Embedding backends (how "fully local" stays local)

Semantic search resolves an embedder in this order, and never needs the network by default:

`YTT_EMBED_PROVIDER`	Backend	Notes
`auto` (default)	`sentence-transformers` if installed, else `hash`	Offline-safe, zero config
`hash`	Dependency-free hashing embedder	Instant, deterministic, no install
`sentence-transformers`	Local neural model (CPU/GPU)	`pip install sentence-transformers`
`ollama`	Local Ollama embedding model	Best quality; `ollama pull nomic-embed-text`
`openai`	Any OpenAI-compatible `/v1/embeddings`	Point at localhost (llama.cpp, LM Studio, vLLM)

With no embedding model at all, search still works as fast cross-video BM25. Add a real embedder and it automatically upgrades to hybrid lexical + dense ranking. Nothing leaves the machine unless you configure a remote endpoint.

output_format: clean (default for the CLI/MCP), text, json, srt, vtt, summary.

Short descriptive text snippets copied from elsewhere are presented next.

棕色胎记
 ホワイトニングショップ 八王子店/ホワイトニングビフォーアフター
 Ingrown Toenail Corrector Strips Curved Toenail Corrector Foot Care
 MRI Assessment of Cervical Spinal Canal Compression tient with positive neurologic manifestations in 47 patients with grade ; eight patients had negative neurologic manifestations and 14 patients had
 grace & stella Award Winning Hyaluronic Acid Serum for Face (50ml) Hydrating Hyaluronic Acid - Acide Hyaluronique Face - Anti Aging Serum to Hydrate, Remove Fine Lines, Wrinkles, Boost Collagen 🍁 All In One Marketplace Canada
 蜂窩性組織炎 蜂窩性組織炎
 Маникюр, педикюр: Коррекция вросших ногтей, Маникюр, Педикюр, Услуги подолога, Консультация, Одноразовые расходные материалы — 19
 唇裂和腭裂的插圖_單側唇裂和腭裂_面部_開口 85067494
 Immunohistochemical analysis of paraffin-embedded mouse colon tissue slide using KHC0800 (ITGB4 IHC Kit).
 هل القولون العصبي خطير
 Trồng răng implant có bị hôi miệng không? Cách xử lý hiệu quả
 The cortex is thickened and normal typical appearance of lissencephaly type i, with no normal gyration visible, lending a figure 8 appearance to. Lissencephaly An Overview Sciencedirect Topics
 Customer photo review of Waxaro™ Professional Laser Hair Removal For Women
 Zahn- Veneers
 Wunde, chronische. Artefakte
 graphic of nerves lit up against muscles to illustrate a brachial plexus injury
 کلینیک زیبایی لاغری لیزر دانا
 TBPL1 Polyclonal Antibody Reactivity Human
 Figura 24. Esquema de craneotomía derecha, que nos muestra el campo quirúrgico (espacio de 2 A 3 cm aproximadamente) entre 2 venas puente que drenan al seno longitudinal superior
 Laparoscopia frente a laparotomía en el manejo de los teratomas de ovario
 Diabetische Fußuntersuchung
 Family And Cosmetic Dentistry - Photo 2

Local summarization (save tokens)

Compress a transcript to a short summary with a local LLM, so the agent that consumes it ingests a summary instead of the whole transcript. Nothing leaves the machine. Opt-in; needs a local model (default Ollama).

ollama serve
ollama pull qwen3.6:27b      # default — smaller: qwen3:8b, qwen3:4b, qwen3.5:2b

ytt transcript VIDEO_ID --summarize
ytt transcript VIDEO_ID --summarize --summary-model qwen3:8b

from ytt import get_transcript
r = await get_transcript("VIDEO_ID", output_format="summary")
print(r.content)   # bullet-point summary

Long transcripts are summarized map-reduce (chunk → reduce) to fit context.
YTT_SUMMARY_KEEP_ALIVE keeps the model hot between calls (-1 = forever).
YTT_SUMMARY_AUTO_PULL=1 pulls a missing model on demand.
YTT_SUMMARY_PROVIDER=openai targets any OpenAI-compatible server (llama.cpp, LM Studio, vLLM) via YTT_SUMMARY_OPENAI_BASE.

MCP server

yttranscript-mcp          # or: python -m ytt.mcp.server

Claude Desktop / Cursor config:

{
  "mcpServers": {
    "yt-transcript": {
      "command": "yttranscript-mcp"
    }
  }
}

Tools:

Transcripts: get_transcript, get_transcripts_batch (default to the clean format), summarize_video (local-LLM summary)
Metadata: get_video_info (title/channel/views/chapters, no download), list_caption_languages (tracks + translation targets)
Semantic (fully local): search_transcript (timestamped passages inside a video), ask_video (local RAG with cited timestamps), index_videos + find_in_corpus (cross-video search)
Search: search_videos (add rank=True for neural transcript-relevance re-ranking)
GPU: setup_gpu, download_cuda

Configuration (environment variables)

Everything is tunable without code via YTT_* env vars:

Variable	Default	Purpose
`YTT_PROXY`	–	`http://user:pass@host:port` — route every request through a proxy
`YTT_COOKIES_FILE`	–	Netscape `cookies.txt` for age/region‑restricted videos
`YTT_MAX_RETRIES`	`4`	Retry attempts on 429/5xx
`YTT_RATE` / `YTT_BURST`	`1.0` / `5`	Client‑side token‑bucket rate limit
`YTT_TIMEOUT`	`15`	Per‑request timeout (s)
`YTT_CACHE_DB`	`.transcript_cache.db`	Cache path
`YTT_CACHE_TTL_DAYS`	`7`	Cache TTL
`YTT_WHISPER_MODEL`	`base`	`tiny`/`base`/`small`/`medium`/`large`
`YTT_WHISPER_GPU`	`true`	Use GPU for Whisper if available
`YTT_SUMMARY_PROVIDER`	`ollama`	`ollama` or `openai` (OpenAI-compatible)
`YTT_SUMMARY_MODEL`	`qwen3.6:27b`	Local summary model
`YTT_OLLAMA_URL`	`http://localhost:11434`	Ollama endpoint
`YTT_SUMMARY_KEEP_ALIVE`	`5m`	Keep model hot (`-1` = forever)
`YTT_SUMMARY_AUTO_PULL`	`false`	Pull missing model on demand
`YTT_EMBED_PROVIDER`	`auto`	`auto`/`hash`/`sentence-transformers`/`ollama`/`openai`
`YTT_EMBED_MODEL`	–	Embedding model (e.g. `nomic-embed-text`)
`YTT_CHUNK_CHARS` / `YTT_CHUNK_OVERLAP`	`480` / `80`	Retrieval window size + overlap
`YTT_INDEX_DB`	`.ytt_index.db`	Corpus index path

How it works

video id / url → cache → captions (ANDROID_VR → WEB → MWEB → watch page)
                                  ↓ none?
                          Whisper fallback (download audio, transcribe locally)
                                  ↓
                          cache → format (clean / text / json / srt / vtt)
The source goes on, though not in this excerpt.